By Paul Koberstein and Jessica Applegate
“THE FOREST BEHIND Bruce Anderson’s home in the rolling foothills south of Puget Sound in Washington is densely packed with enormous Douglas fir trees, the most commercially harvested tree species in the United States. It is a natural forest, grown from seeds dispersed by a previous generation of conifers around the time of the Civil War. On a bright sunny morning in June 2022, Alexander bushwhacked his way through the thick underbrush, machete in hand. He stopped at a towering 200-foot-tall conifer, pulled a tape measure from his backpack, and stretched it around the thick trunk. Seven feet in diameter, 23 feet in circumference — an extraordinary size for a tree, but not for a Douglas fir.
To get an idea about how big a Douglas fir can grow, consider Queets Fir, a thousand-year-old hulk standing some 50 miles away in Olympic National Park. Measuring 50 feet around the trunk, it is more than twice the size of the tree at Anderson’s feet.

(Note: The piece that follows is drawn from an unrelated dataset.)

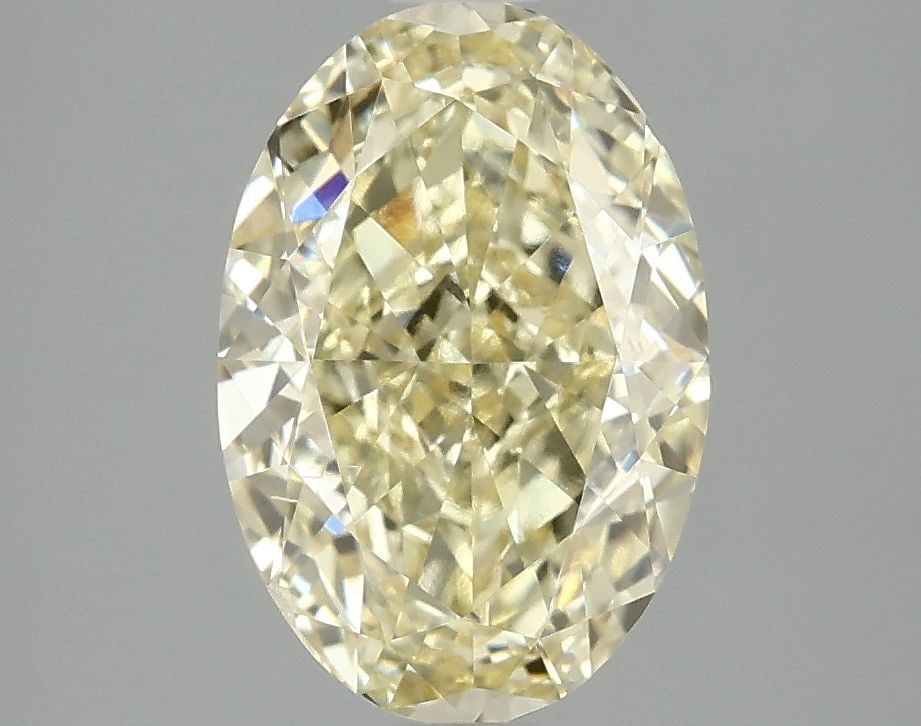 Loose Diamond - OVAL 3.01ct Fancy Vivid Yellow VS2: Loose Diamond - OVAL 3.01ct Fancy Vivid Yellow VS2 Source: This is a real non-mined Diamond that has been grown in a lab Shape: OVAL Carats: 3.01 Color: Fancy Vivid Yellow Certification: IGI Video:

Though there’s no guarantee the trees behind his house will ever match the stature of the Queets giant, they clearly have the potential to approach that size someday.

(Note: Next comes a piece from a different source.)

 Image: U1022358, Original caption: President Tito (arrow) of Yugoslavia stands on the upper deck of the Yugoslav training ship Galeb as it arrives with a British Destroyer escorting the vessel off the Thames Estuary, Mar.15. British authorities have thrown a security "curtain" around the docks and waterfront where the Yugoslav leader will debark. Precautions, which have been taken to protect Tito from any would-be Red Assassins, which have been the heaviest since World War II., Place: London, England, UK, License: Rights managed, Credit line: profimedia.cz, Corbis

People have long marveled at the Pacific Northwest’s ancient Douglas fir forests for their innate beauty and towering canopies, but ecologists value them as indispensable wildlife habitat. Today, climate scientists see them as massive storehouses of carbon. Trees remove carbon dioxide (CO2) from the atmosphere, one of the greenhouse gasses forcing the climate to spin out of control. CO2 is two parts oxygen and one part carbon. Trees keep the carbon and discard the oxygen back into the air, constantly refreshing the atmosphere. Half a tree’s mass is carbon. The bigger the tree, the more carbon it stores. After a tree dies, whether from natural death or logging, it will slowly return carbon back to the air.
Under the protection of the National Park Service, Queets Fir survived the great chainsaw massacre that took out almost every other massive tree in the Pacific Northwest during the last century. Today, the few remaining old-growth trees in the region are protected under various state and federal regulations. An “old-growth” tree is often defined as older than 175 years of age, but the big Douglas fir behind Anderson’s house won’t be considered old-growth for another two decades. The Washington Department of Natural Resources, the state agency that owns the tree along with thousands of acres of “mature” conifers and hardwoods throughout the state, is eager to cash trees like this one out while it still legally can.
To that effect, Washington Governor Jay Inslee signed into law legislation that few Washingtonians seem to be aware of. Adopted two years ago, House Bill 2528 declares logging forests to be a “solution” to the climate crisis.”